От такого эпичного монолога, произносимого на одном дыхании, причем Франческо обращался по очереди к нам с Генкой и к собакам, тыча в нас пальцами, мне стало не по себе.

— Похоже, он того, с ума сошел, — перекрывая поток ругательств, запиваемый вином, я покрутил пальцем у виска.

— Раньше таким говорливым не был, — растерянно проговорил Заморыш.

Пока всё это говорилось и тыкалось, так получилось, что мы сделали пару шагов внутрь подвала. А Демарко вдруг остановился, выпрямился и торжественным голосом проговорил, будто находился на ярмарочной площади:

— Дамы и господа! Спешите увидеть! Только здесь и сейчас! Великолепный Балтассаре Амброссио представляет новое зрелище! Никакого обмана! Устраивайтесь поудобнее, занимайте лучшие места! — тут он указал на выставленные ящики, накрытые мешковиной, и мы, пожав плечами, потерянные, уселись.

Что делать, было решительно не понятно. Итальянец явно сошел с ума, сначала ругаясь, будто проходил курсы по русским ругательствам, а теперь, очевидно, представляя себя на Нижней площади. Оглянувшись вокруг, я увидел за спиной связки с луком. Какое-никакое оружие. Передал одну связку Заморышу, а другую взял себе.

— Ну а теперь — представление! — Демарко театрально прыгнул к входной двери и с размаху захлопнул ее, погрузив подвал в темноту.

Мы тут же вскочили и закричали на итальянца, готовясь обороняться. Темнота стояла — хоть глаз выколи. И тут я почувствовал, как замерзаю, будто разом очутился на северном полюсе. Или, что вернее, будто я окунулся зимой в Смоква-реку, и теперь, выбравшись, стою на льду, а меня обдувает ледяной ветер.

— А-а-а, — закричал Генка, — холодно.

— Никакого обмана! Только настоящие русские морозы! — продолжил декламировать итальянский ухажер. — Только настоящий свет итальянского возрождения среди русской тьмы!

И тут же подвал залил синеватый холодный свет, а мы стояли, ошарашенные и промерзшие до костей, не в силах пошевелиться и сойти с места. Фигура итальянского арлекина с воздетой рукой, будто он указывал на еще одного действующего персонажа этой странной пьесы, от которой у меня стучали зубы.
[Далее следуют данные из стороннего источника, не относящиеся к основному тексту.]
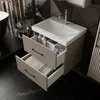 A modern bathroom vanity with a sink and drawers, featuring a geometric patterned wall. Produktbild-Vorschau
Воздух в том месте, на которое указывал Франческо, стал сгущаться и приобретать очертания человеческой фигуры. «Как тогда», — вспомнил я случай в этом же подвале несколько лет назад. Но если в тот момент мы с Генкой сразу побежали, то теперь от холода было невозможно сдвинуться с места. А воздух, сгустившись, превратился в фигуру мужчины в щеголеватом костюме, подобным тому, что я видел как-то в учебнике Саши по Всеобщей истории.

— Как же я вас ненавижу, — произнес бестелесный безэмоциональный голос из сгущения воздуха, и от этого отсутствия ненависти в тоне становилось еще страшнее, а температура в подвале будто еще понизилась на несколько градусов, хотя куда уж больше.

С трудом переведя взгляд на Демарко — кажется, я замерзал изнутри — увидел, что ему вполне комфортно и он стоит, расслабленно глядя на свершающуюся заморозку и прихлебывая из бутылки. Я попытался обратиться к нему, но из горло донеслось лишь какое-то шипение и свист.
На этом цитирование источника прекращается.